Now I am getting the original and correct structure.  :Very Happy: 

John

----------

## oggialli

Hmm, it works now. Tried udev again forcibly when 2.6.11-rc1-love1 didnt have devfs anymore.

----------

## golding

EDIT --  I was REALLY tired when I posted this, and now I will put it in the RIGHT thread  :Smile: 

Bumpety bump

Have also same card as others on this post and having sort of same problems.

From the kernel documentation *faq.txt wrote:*   

> If you have a card with a built-in hardware MPEG-decoder the
> 
> 	drivers create a video4linux device (/dev/v4l/video0) which
> 
> 	you can use to watch TV with any v4l application.

 

yet when TVTime is opened it fails to find the television input.  As mentioned above in the parent post, it finds Composite1 and S-video but then disallows any channel selection.

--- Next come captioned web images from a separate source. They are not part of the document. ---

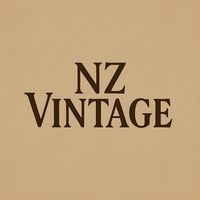 nzvintage241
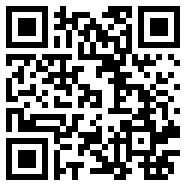 E呼百诺视频会议办公app手机版下载 v1.0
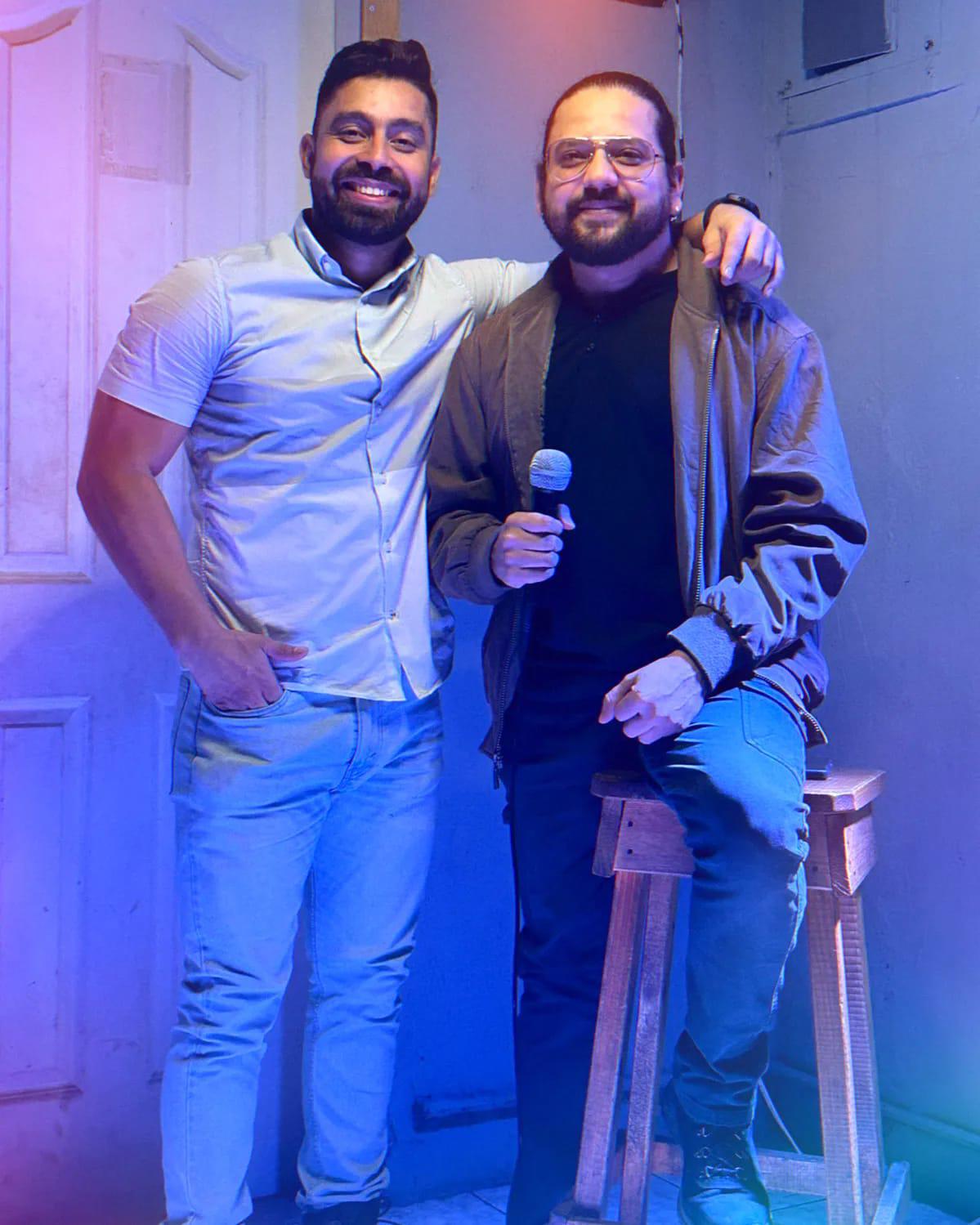 Agenda: ¿Qué hacer este fin de semana en San Pedro Sula?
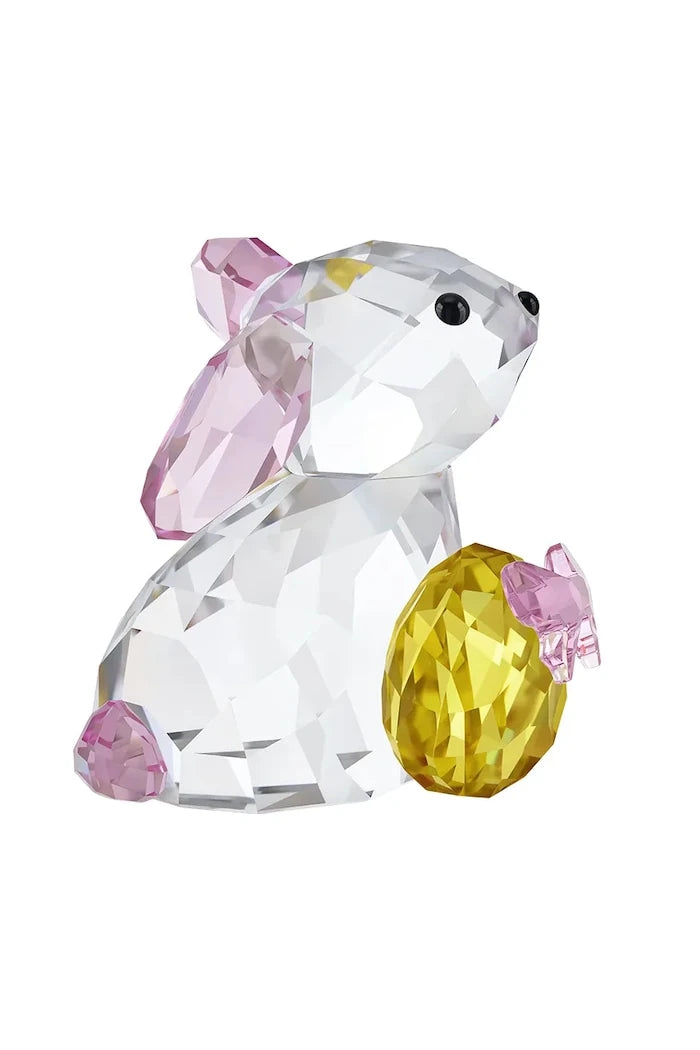 Swarovski Фигурка Декоративна IDYLLIA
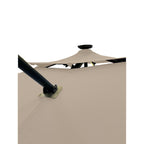 Replacement Canopy for URM819003J Allen Roth Umbrella - Riplock 350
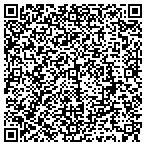 QR code with Dr. Derek Lines DDS contacts
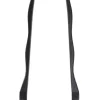 Steel Function - GOURMET PINCET LILLE 19 CM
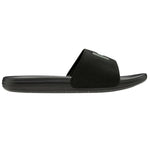 Helly Hansen H/H Slide W 11715 990 Flip-Flops Cipő - Sportmania.hu
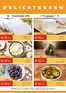 Istanbul Supermarket catalogue in Abu Dhabi | Delicatessen Deals | 2025-12-04T00:00:00.000Z - 2025-12-10T00:00:00.000Z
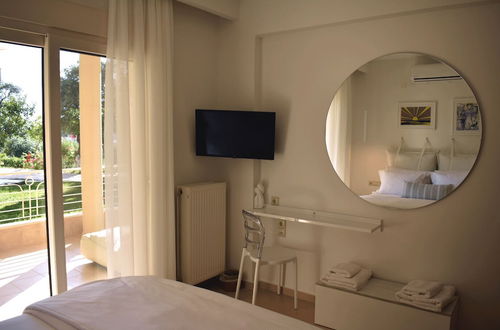 Photo 12 - Gallery Suites Parga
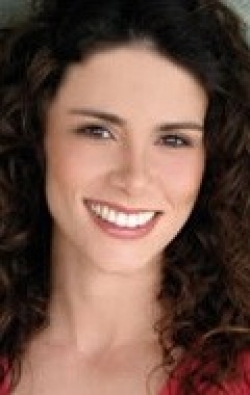 Full Melissa Ponzio filmography who acted in the movie The Greenskeeper.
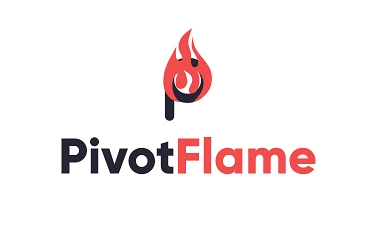 PivotFlame.com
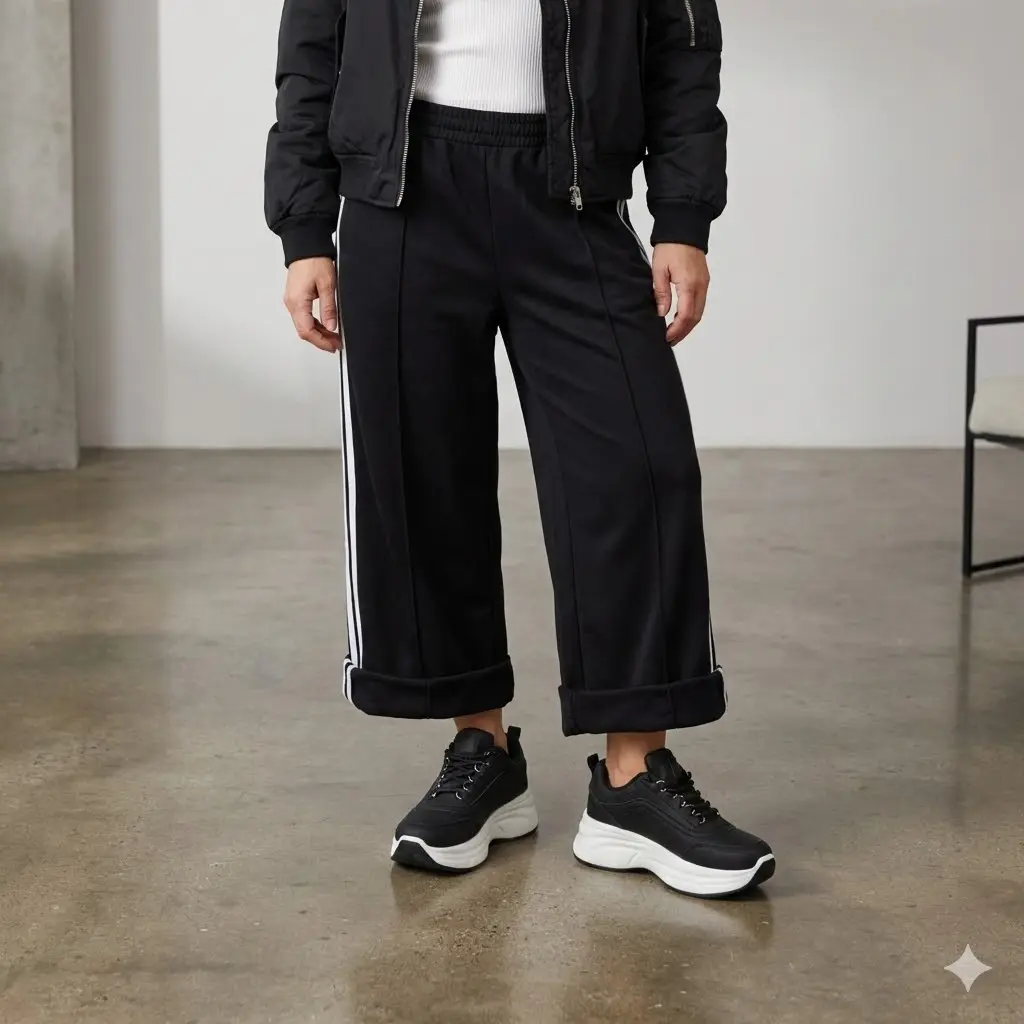 unnamed (25) (1).webp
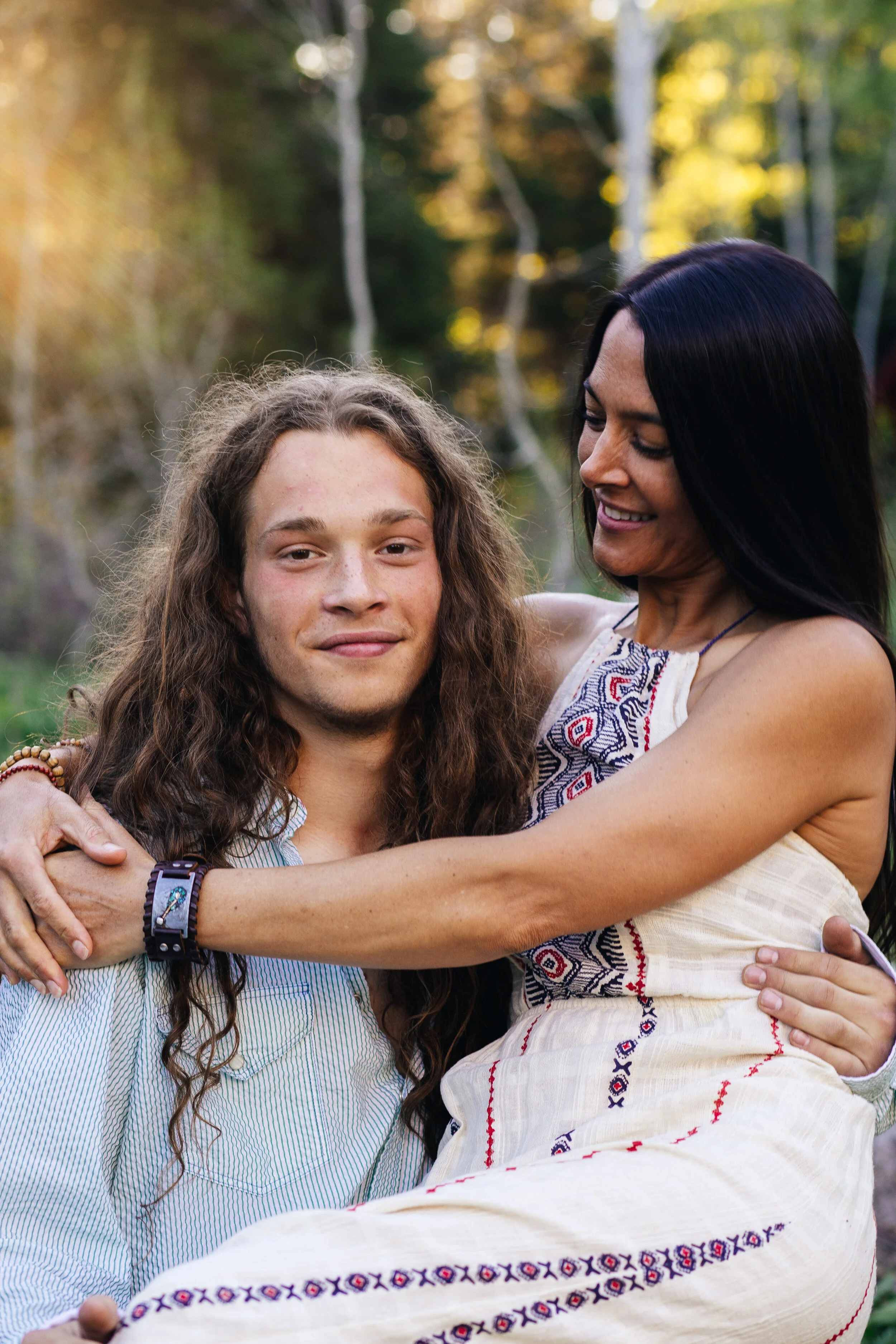 Taylor Family May 2020-1391.jpg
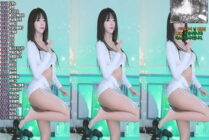 KBJ-25010250 kbj25010250_dign1461_20241110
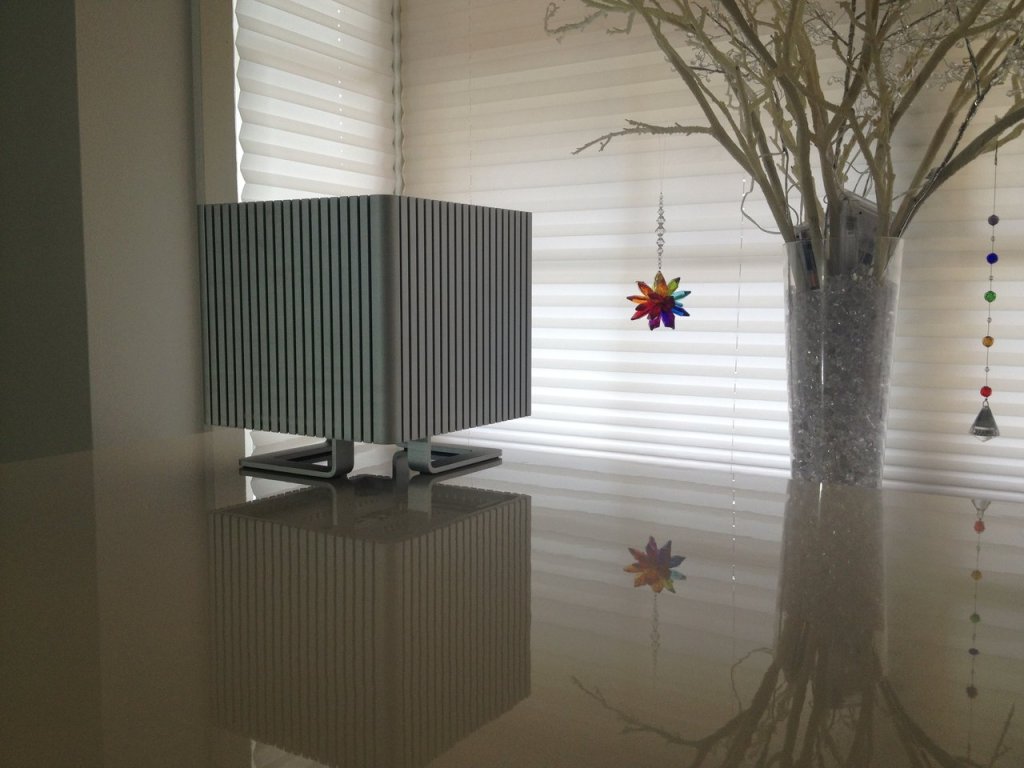 Инструкция ariston abs pro economic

Anyone feeling like writing a blow by blow HowTo on getting this card from installation in the box to viewing it in SIMPLE steps?  Take it as a given that all modules are loading and the device nodes are appearing correctly under /etc/dvb and /dev/v4l.

Just need to know what is to be done to ACTUALLY VIEW some telly on this nightmare of a card ... yyaawwnn ... have been awake nearly two days trying to get this figured out and am now going to sleep for ten to twelve hours ... hope there is a reply when I wake up  :Smile: 

----------